Twenty-five to 30% of European Union young consumers show interest in waterless products. These include facial cleansing bars, dry shampoos, and non-rinse conditions. A high-efficacy solution is SharoSense Plus 181, with natural and natural-like preservation systems, is pending a patent. Components include natural maltol, plant-derived polyquatemium-80.
Natural and Synthetic Ingredients in Beauty – Efficacy, safety and sustainability
Dr. Nitasha Buldeo, founder, Organic Apoteke, spoke about natural versus synthetic ingredients. Approximately 25-30% of the personal care and cosmetics market is comprised of natural ingredients while 70-75% are synthetic ingredients.
“Buzzwords are aimed at convincing consumers of the advantages of natural over synthetic ingredients and often devalue synthetic ingredients, but these buzzwords often cause consumer confusion,” she said.

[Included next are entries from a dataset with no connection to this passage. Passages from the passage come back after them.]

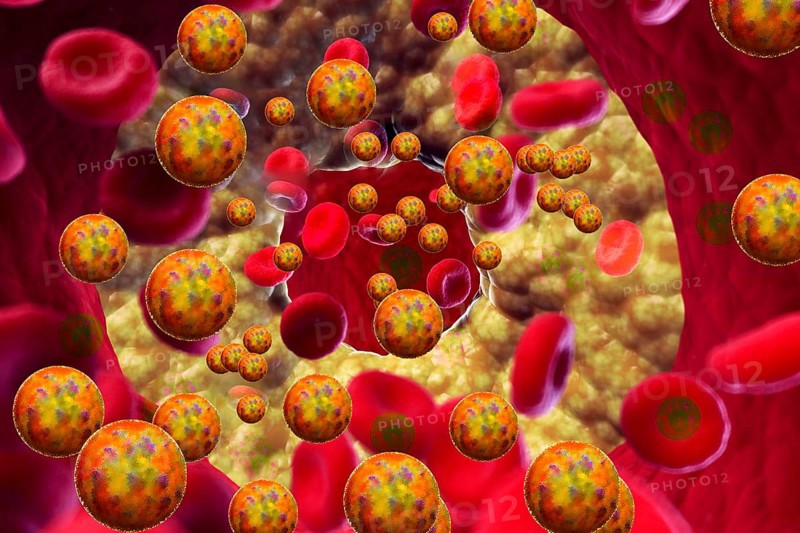 Cholesterol is an important raw material for the human body: it is needed for the formation of certain hormones and is a building block of the cell membrane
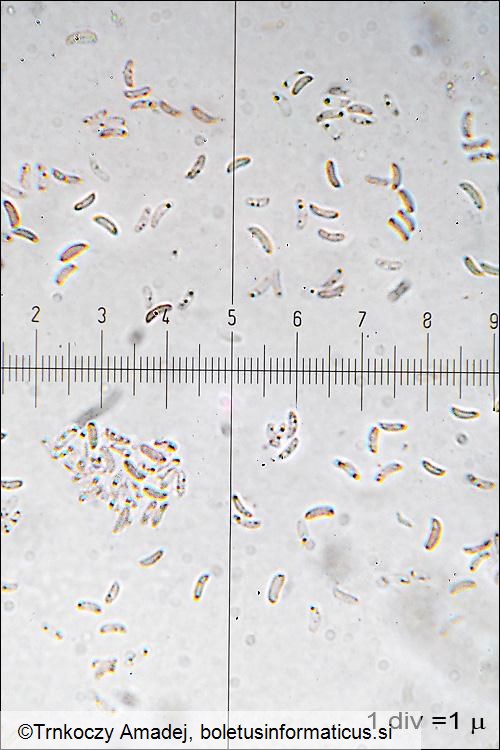 Tectella patellari
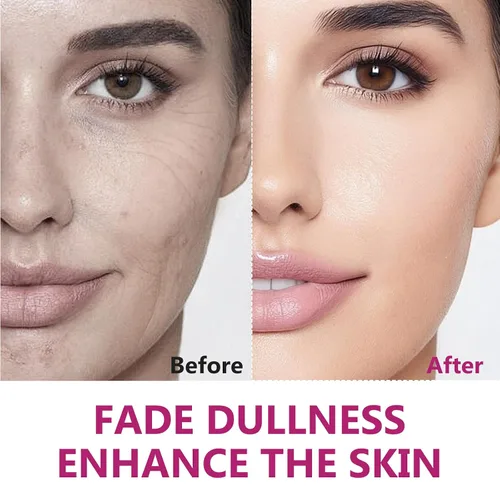 Vista 7 de AiRunTech Arbutina 8% y ácido tranexámico 5% crema, ayuda a desvanecer manchas oscuras, pecas, manchas y pigmentación, reafirma e hidrata la piel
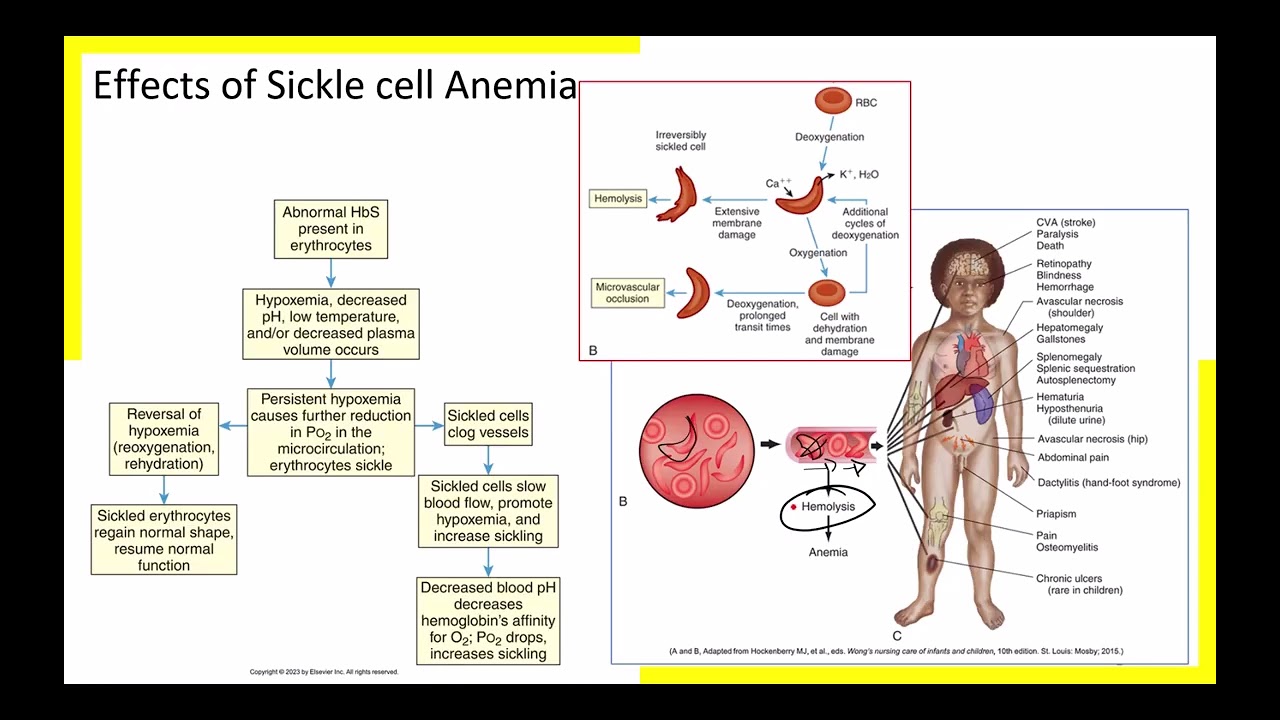 1A Disorders of RBCs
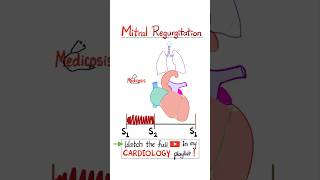 Mitral Regurgitation MR  Valvular Heart Disease VHR…cardio anatomy mbbs science nclex [upl. by Donnamarie]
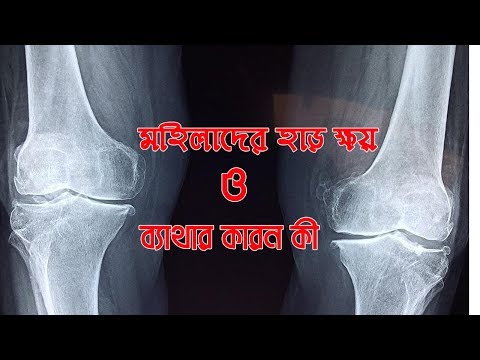 মহিলাদের হাড় ক্ষয় | MOHILADER HAR KHOY | Health tips | Moubd 2019 HD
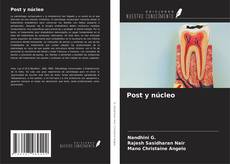 Portada del libro de Post y núcleo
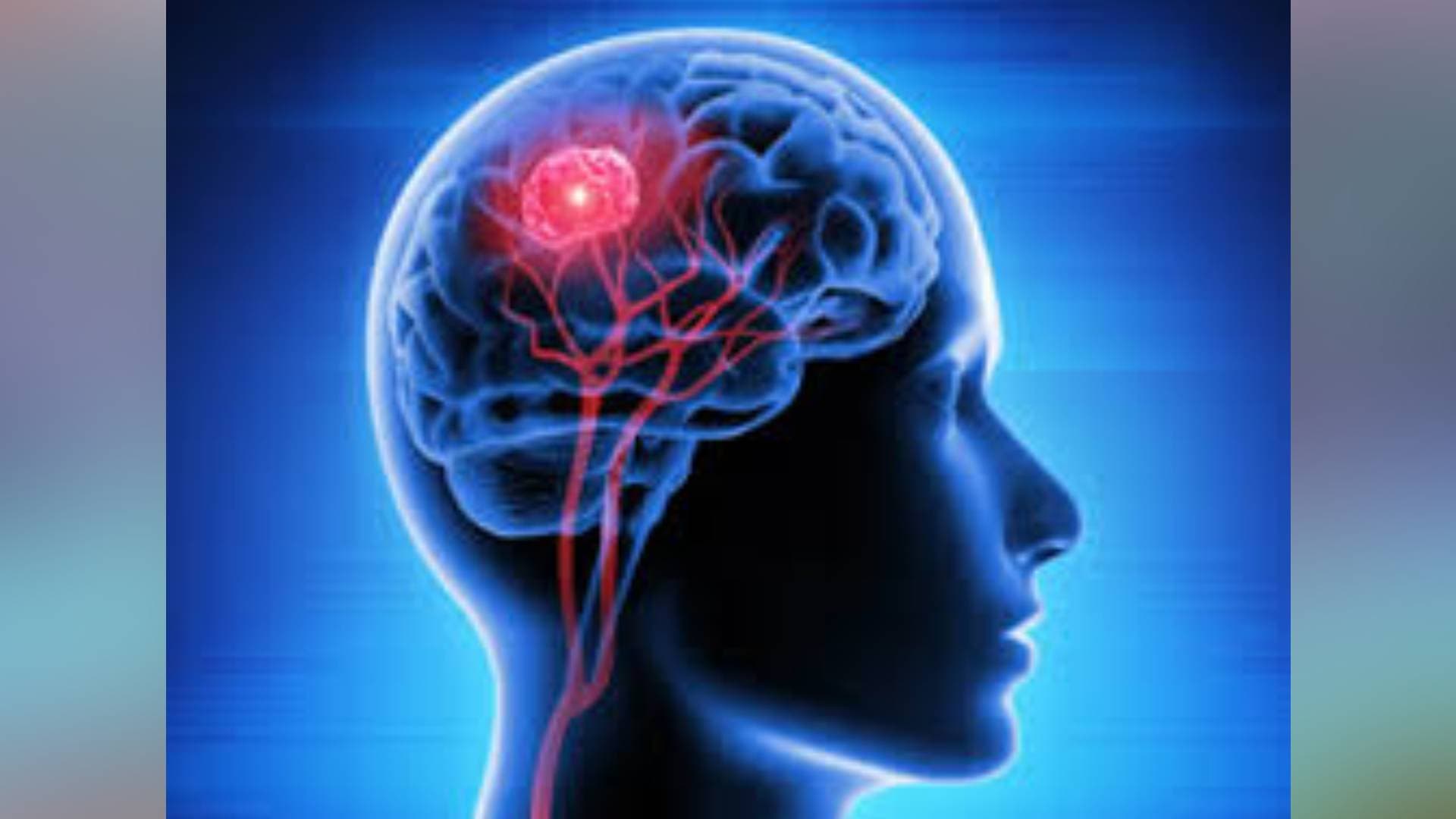 A Busier Social Life May Signal Alzheimer’s Risk, Says Study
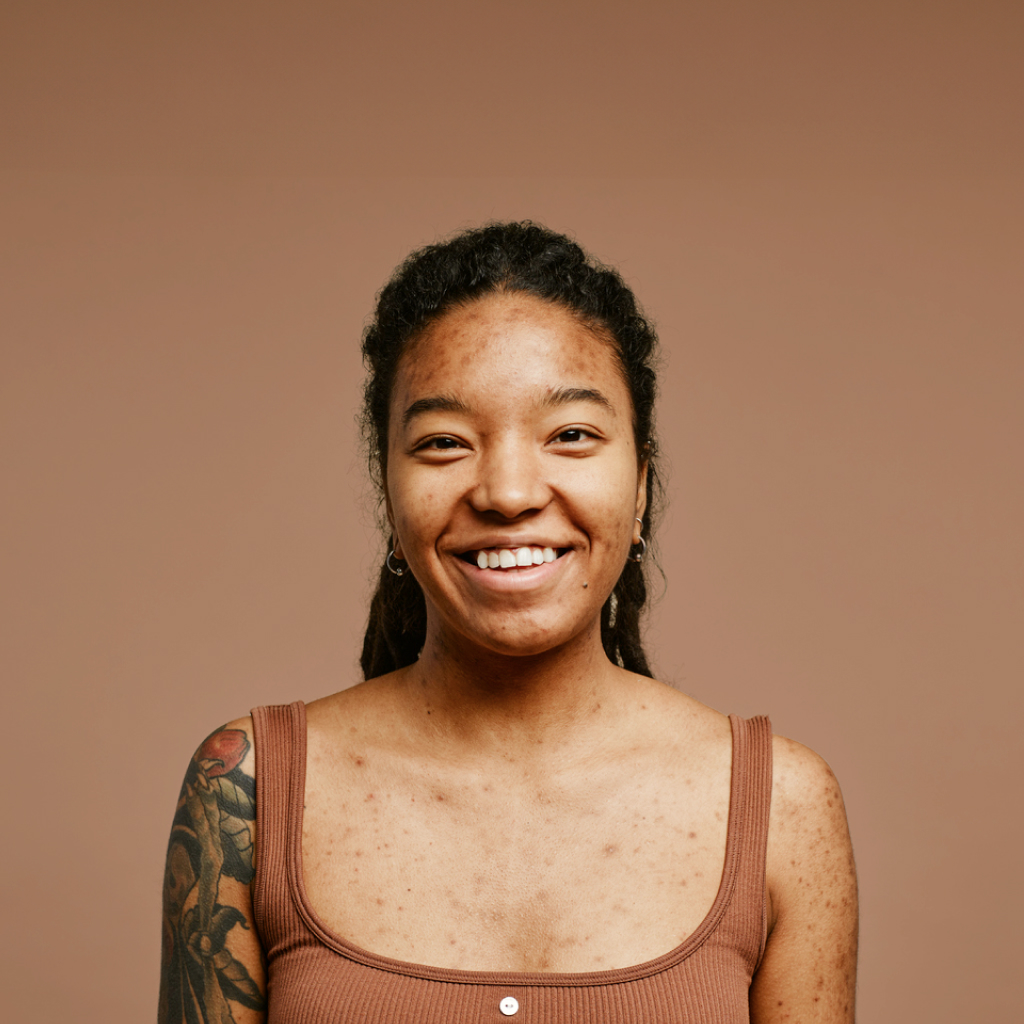 women with visible acne smiling against brown background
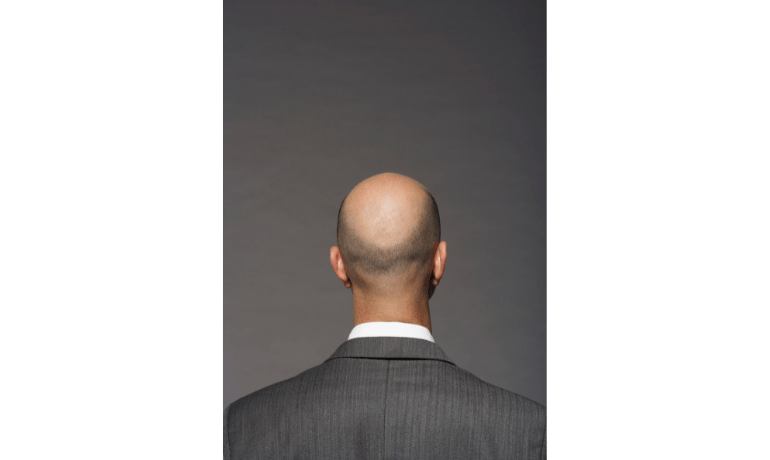 Employment tribunal: use of word ‘bald’ can amount to sex-based harassment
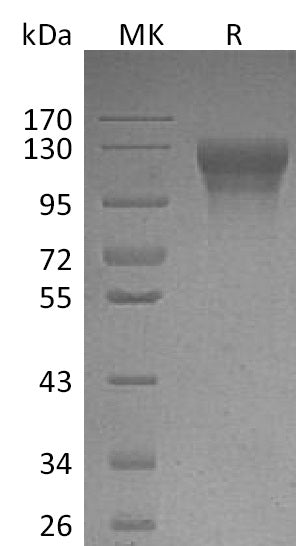 BL-1992NP: Greater than 95% as determined by reducing SDS-PAGE. (QC verified)Recombinant Human LEPR Protein (C-10His)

Polymers are a class of cosmetic raw materials essential in the production of high-performance products. They are classified as synthetic, semi-synthetic, or natural. Synthetic and semi synthetic polymers can be tailored for specific applications, are cheaper than natural polymers, can be produced on a large scale with uniformity and have a long shelf life. They also have thermal and chemo sensitive properties, enable nanoparticle delivery, modify fragrance release and reduce the risk of evaporation.
Natural polymers In cosmetics are biocompatible with skin, safer, eco-friendly in character, highly attractive and marketable to consumers. Chemicals in cosmetics can interact with one another and with other chemical compounds on the skin. Due to reaction with body enzymes, which result in beneficial or detrimental effects, pre-formulation analysis and testing is paramount to ensure the safety of the selected ingredients in cosmetic formulations.
According to data from Grandview Research, the US organic personal care ingredients market size by product – which started at $2.04 billion in 2016 is expected to post steady gains through 2027 with natural surfactants, emollients, active ingredients, sugar polymers and natural preservatives among the star ingredients.